The input Block Start
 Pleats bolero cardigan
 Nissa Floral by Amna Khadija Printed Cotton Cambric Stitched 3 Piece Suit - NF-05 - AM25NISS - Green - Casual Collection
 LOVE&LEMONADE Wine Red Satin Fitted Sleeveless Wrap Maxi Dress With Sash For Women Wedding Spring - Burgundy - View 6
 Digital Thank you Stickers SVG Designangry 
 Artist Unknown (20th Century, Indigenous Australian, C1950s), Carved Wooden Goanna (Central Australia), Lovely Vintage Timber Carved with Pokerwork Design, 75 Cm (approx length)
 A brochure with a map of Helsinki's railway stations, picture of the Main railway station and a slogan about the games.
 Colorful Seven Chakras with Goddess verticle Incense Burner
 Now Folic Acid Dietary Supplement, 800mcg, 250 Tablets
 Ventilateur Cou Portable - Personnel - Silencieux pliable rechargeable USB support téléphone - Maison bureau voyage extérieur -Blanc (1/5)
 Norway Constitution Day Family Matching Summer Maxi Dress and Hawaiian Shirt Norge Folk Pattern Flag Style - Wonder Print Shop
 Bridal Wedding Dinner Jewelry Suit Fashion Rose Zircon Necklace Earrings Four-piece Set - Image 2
The input Block End
Nothing but a number is expected here: the number of lines in the entries that include the word "Maxi".

__Solved exercise__. 2